What to work on: Reproduce nothing beyond the line containing "BESTVIP 900PCS Gold". From the first line of the data below down to it, copy each line exactly, without the pictures.

Scraped caption text data:
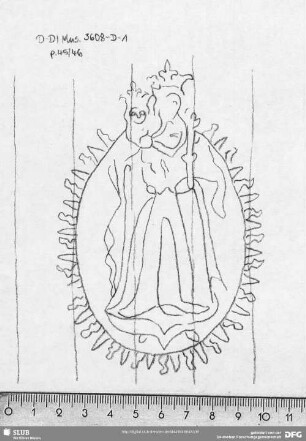 W-Dl-604 Madonna mit Jesuskind / Adler + "Breslau 1749"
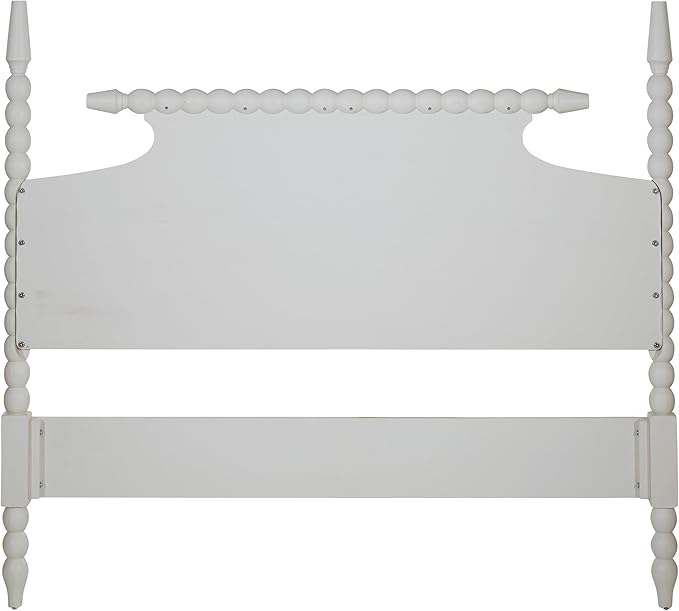OSP Home Furnishings Spindle Design Cottage Style Headboard, 80.5W x 58.75H inches, Sandcastle Antique White Finish, King Size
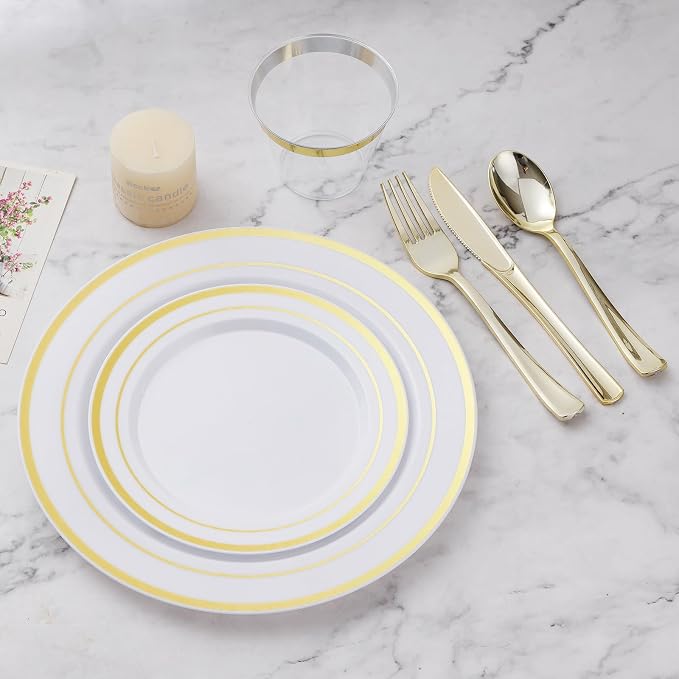 BESTVIP 900PCS Gold Dinnerware Set for 150 Guests, Plastic Plates for Party, 150 Gold Disposable Plates, 150 Dessert Plates, 150 Cups, 150 Spoons, 150 Forks and 150 Knives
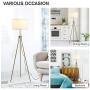 HOMCOM 59.75'' Floor Lamp Standing Lamp Fabric Lampshade E26 Lamp Holder Steel Tripod Living Room, Gold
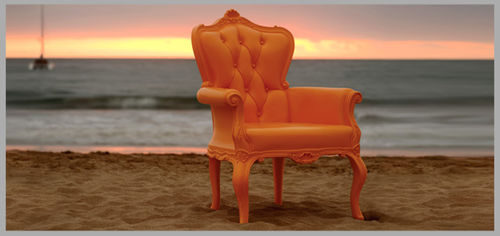 Poltrona design nuovo barocco - 770-P - POL ART - in plastica / da giardino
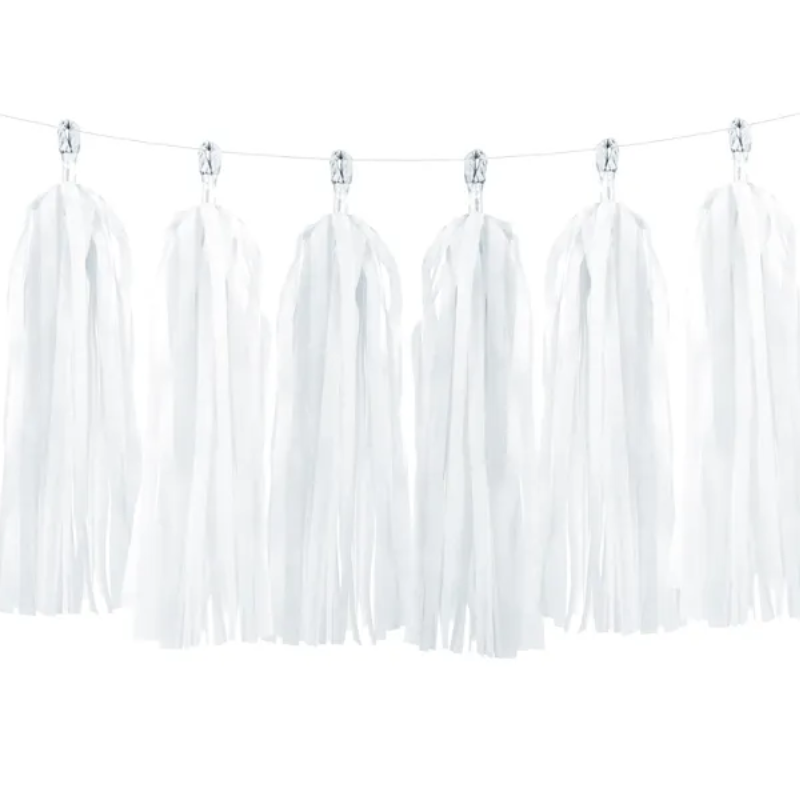 Guirlande de pompons blancs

Completed exercise:
 W-Dl-604 Madonna mit Jesuskind / Adler + "Breslau 1749"
OSP Home Furnishings Spindle Design Cottage Style Headboard, 80.5W x 58.75H inches, Sandcastle Antique White Finish, King Size
 BESTVIP 900PCS Gold Dinnerware Set for 150 Guests, Plastic Plates for Party, 150 Gold Disposable Plates, 150 Dessert Plates, 150 Cups, 150 Spoons, 150 Forks and 150 Knives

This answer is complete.